CHPO-FM

Portage la Prairie, Manitoba; Canada;
- Broadcast area: Central Plains Region
- Frequency: 93.1 MHz
- Branding: Country 93

Programming
- Format: Country

Ownership
- Owner: Golden West Broadcasting
- Sister stations: CFRY, CJPG-FM

Technical information
- Class: B
- ERP: 27,000 watts
- HAAT: 73.5 metres (241 ft)

Links
- Webcast: Listen Live
- Website: portageonline.com/radio/country93

= CHPO-FM =

Radio station in Portage la Prairie, Manitoba

CHPO-FM is a radio station which broadcasts a country format on the frequency of 93.1 MHz in Portage la Prairie, Manitoba, Canada. This radio station also provides local news, sports and weather to its listeners. The station is owned by Golden West Broadcasting, and is located at 2390 Sissons Drive, along with CFRY and CJPG-FM.

== History ==
The owners received approval by the CRTC on October 2, 2013, which will replace CFRY AM's current repeater, CFRY-FM-1. The new station will broadcast using the same facility and parameters as CFRY-FM-1, with a maximum effective radiated power of 27,000 watts (non-directional antenna with an effective height of antenna above average terrain of 73.5 metres).

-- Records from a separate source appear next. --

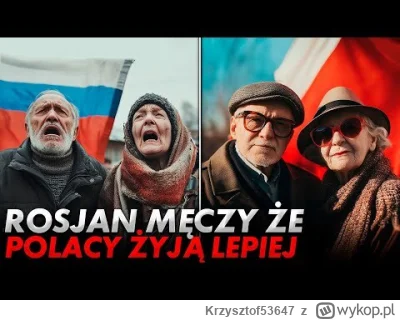 Krzysztof53647 - @Heroina340 Uja a wiedza jak wygląda życie w Europie. 

Oni na wszyt...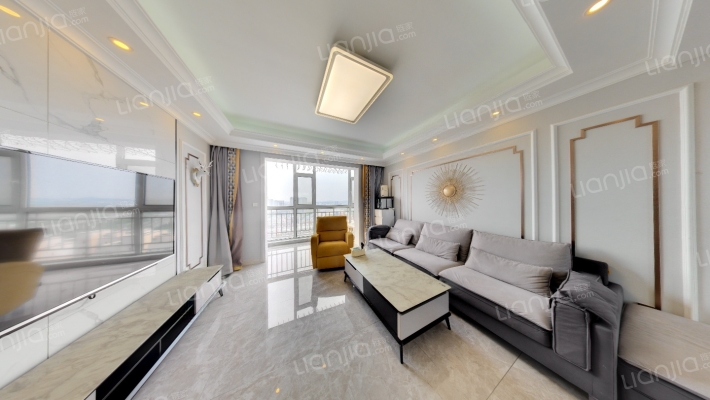 金海明珠二手房实景图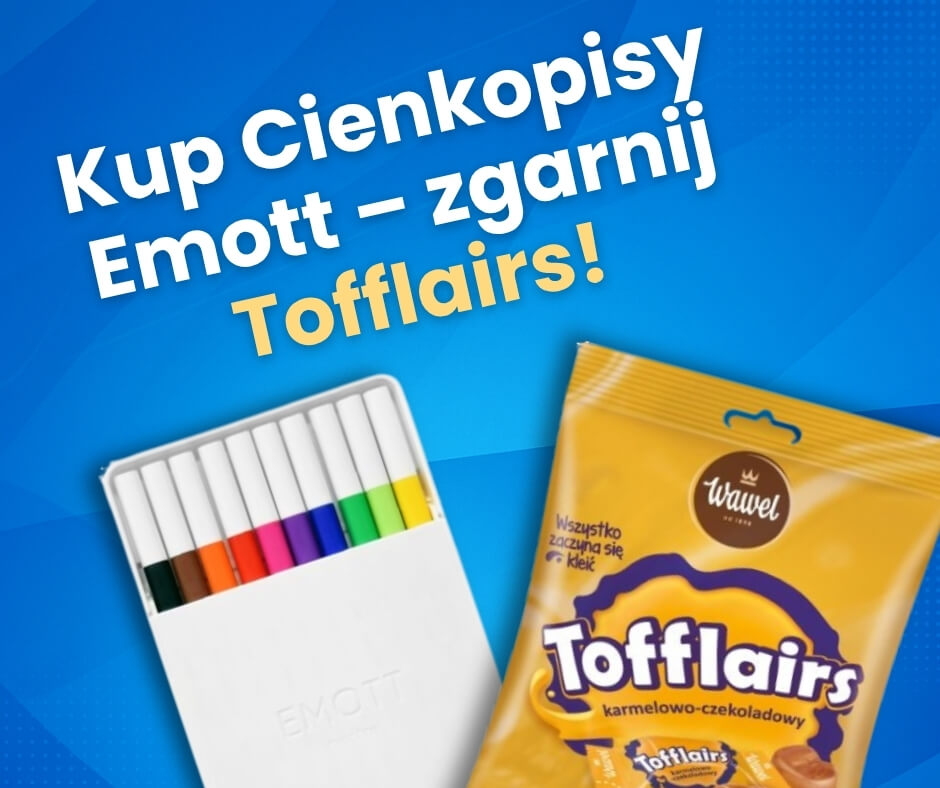 Promocja EMOTT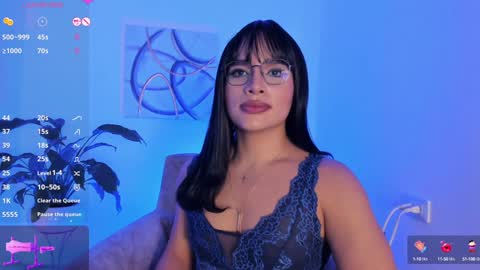  Dahnia  online show from 01-10-25, 06:42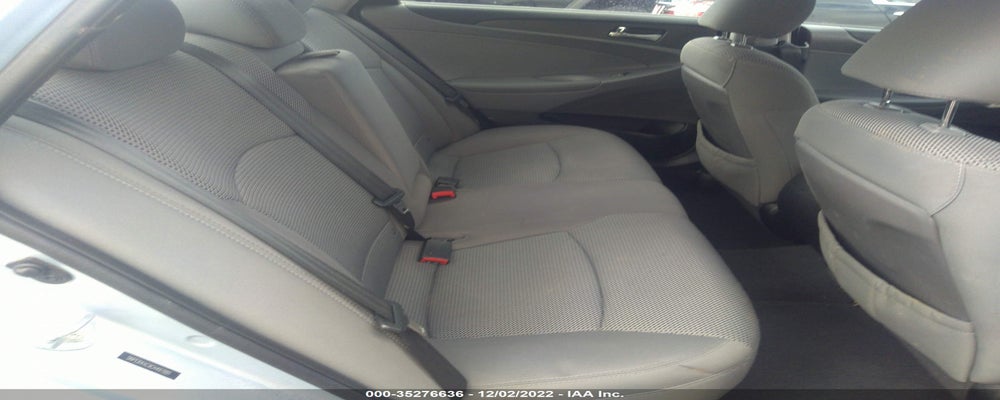 5NPEB4AC9CH497881 2012 HYUNDAI SONATA photo no. 8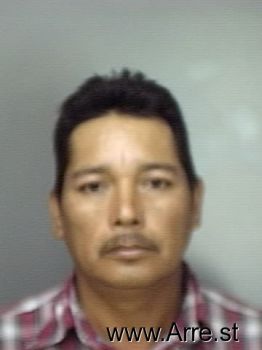 Mario Arnulfo Guerrero Mugshot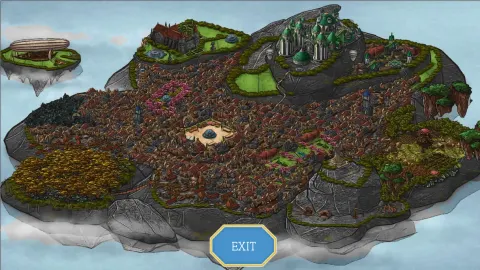 Evalia: The Lust Kingdom screenshot 3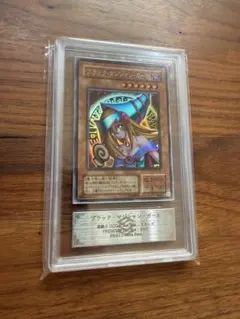 遊戯王 ブラック・マジシャン・ガール ウルトラ ARS9 p4-01 | Mercari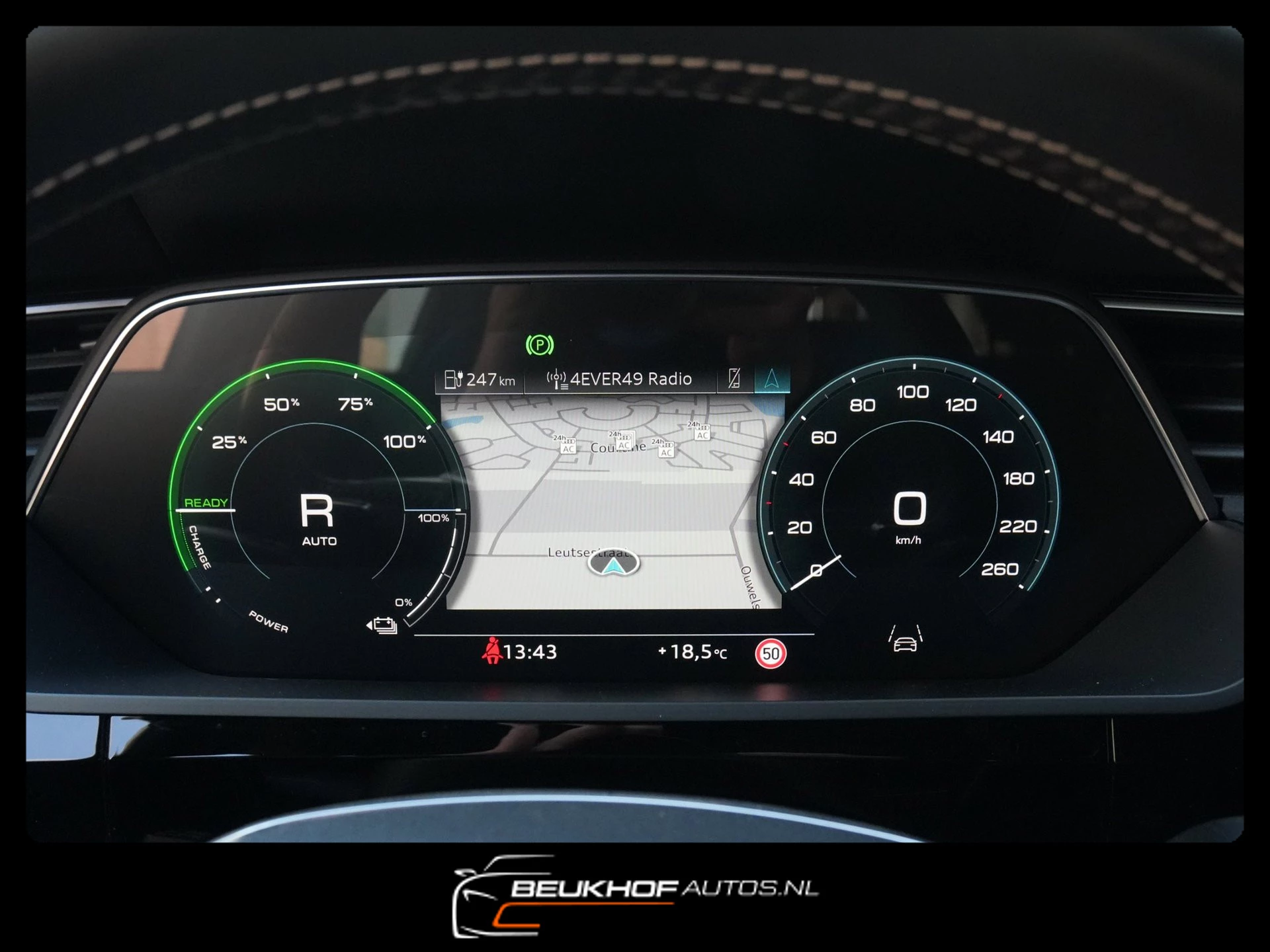 Hoofdafbeelding Audi e-tron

Originally, it was planned to broadcast as CFRY-FM, while its original parent station, CFRY AM, continued its country format. It was later revealed that the station would switch to a classic rock format under the new call letters of CHPO-FM, ending its 19-year FM simulcast as CFRY-1-FM. However, the station instead launched as Country 93.1 FM, the current format.